:: DIRECTIONS FOR THIS TASK ::
Please write out exactly the lines of the data below from the line holding "İran&#039;dan Van&#039;a &#039;Muhteşem" through the line holding "Stunning Jackson Home ~ 2 Mi To Downtown!", and leave out the rest.

++++++++++

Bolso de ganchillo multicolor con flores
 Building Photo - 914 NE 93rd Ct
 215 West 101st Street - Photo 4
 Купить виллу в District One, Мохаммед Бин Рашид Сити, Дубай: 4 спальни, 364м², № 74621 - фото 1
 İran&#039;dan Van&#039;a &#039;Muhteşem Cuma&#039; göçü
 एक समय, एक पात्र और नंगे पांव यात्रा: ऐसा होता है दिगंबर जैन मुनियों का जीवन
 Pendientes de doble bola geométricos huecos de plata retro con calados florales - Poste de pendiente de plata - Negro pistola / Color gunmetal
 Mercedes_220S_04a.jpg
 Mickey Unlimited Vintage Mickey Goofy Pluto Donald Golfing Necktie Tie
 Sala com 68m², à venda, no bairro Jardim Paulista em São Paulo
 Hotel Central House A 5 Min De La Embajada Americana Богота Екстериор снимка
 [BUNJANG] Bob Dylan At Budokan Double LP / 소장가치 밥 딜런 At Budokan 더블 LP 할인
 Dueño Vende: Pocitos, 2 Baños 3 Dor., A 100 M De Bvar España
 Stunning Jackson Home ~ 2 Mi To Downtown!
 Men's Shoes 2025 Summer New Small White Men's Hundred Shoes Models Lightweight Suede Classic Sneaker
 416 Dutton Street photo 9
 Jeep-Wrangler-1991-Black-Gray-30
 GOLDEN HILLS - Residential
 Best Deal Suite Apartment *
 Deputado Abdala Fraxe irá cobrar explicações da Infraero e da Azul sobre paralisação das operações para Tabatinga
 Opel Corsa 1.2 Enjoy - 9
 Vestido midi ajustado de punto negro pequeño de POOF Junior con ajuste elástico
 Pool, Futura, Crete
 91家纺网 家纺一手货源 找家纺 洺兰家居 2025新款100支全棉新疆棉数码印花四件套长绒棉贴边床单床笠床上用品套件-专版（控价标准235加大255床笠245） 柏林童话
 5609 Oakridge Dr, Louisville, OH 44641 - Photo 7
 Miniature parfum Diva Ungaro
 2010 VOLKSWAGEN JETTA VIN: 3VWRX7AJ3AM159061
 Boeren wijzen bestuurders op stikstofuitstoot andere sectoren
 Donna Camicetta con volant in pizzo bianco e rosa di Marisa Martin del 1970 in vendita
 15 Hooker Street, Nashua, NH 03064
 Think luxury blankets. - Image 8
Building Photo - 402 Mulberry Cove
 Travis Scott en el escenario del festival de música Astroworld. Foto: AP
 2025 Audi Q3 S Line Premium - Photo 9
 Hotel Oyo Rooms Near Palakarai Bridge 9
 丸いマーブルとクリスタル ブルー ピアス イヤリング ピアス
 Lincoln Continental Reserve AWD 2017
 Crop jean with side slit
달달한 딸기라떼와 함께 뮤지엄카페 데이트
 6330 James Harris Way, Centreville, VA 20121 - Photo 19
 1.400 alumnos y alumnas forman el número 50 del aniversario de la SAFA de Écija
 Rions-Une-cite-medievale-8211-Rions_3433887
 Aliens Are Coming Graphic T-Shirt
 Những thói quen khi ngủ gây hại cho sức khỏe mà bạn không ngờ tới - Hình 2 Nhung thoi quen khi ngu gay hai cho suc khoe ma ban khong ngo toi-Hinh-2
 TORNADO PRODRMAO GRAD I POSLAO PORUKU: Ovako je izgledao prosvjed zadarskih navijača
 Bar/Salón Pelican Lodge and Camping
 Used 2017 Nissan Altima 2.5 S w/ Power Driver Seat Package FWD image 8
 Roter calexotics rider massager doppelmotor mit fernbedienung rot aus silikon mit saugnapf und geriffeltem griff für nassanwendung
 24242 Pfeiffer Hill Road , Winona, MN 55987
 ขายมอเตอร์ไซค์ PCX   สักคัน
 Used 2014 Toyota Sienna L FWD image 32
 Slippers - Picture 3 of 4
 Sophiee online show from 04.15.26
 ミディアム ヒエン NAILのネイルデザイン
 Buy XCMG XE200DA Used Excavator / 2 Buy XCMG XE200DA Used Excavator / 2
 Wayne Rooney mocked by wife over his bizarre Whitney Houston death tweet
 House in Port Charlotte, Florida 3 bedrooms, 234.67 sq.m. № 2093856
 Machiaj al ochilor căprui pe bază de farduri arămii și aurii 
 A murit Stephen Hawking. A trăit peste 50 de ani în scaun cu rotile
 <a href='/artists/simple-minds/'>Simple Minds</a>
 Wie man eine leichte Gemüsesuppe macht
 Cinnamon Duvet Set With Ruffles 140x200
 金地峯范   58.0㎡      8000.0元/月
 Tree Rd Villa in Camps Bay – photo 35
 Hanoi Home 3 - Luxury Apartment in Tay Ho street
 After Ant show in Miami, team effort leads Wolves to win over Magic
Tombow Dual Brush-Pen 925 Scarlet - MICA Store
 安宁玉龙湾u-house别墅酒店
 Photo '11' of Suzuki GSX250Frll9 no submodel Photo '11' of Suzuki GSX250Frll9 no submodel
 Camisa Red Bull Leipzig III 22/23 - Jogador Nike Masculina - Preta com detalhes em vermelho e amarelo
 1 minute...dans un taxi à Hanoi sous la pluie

++++++++++

:: YOUR SOLUTION ::
 İran&#039;dan Van&#039;a &#039;Muhteşem Cuma&#039; göçü
 एक समय, एक पात्र और नंगे पांव यात्रा: ऐसा होता है दिगंबर जैन मुनियों का जीवन
 Pendientes de doble bola geométricos huecos de plata retro con calados florales - Poste de pendiente de plata - Negro pistola / Color gunmetal
 Mercedes_220S_04a.jpg
 Mickey Unlimited Vintage Mickey Goofy Pluto Donald Golfing Necktie Tie
 Sala com 68m², à venda, no bairro Jardim Paulista em São Paulo
 Hotel Central House A 5 Min De La Embajada Americana Богота Екстериор снимка
 [BUNJANG] Bob Dylan At Budokan Double LP / 소장가치 밥 딜런 At Budokan 더블 LP 할인
 Dueño Vende: Pocitos, 2 Baños 3 Dor., A 100 M De Bvar España
 Stunning Jackson Home ~ 2 Mi To Downtown!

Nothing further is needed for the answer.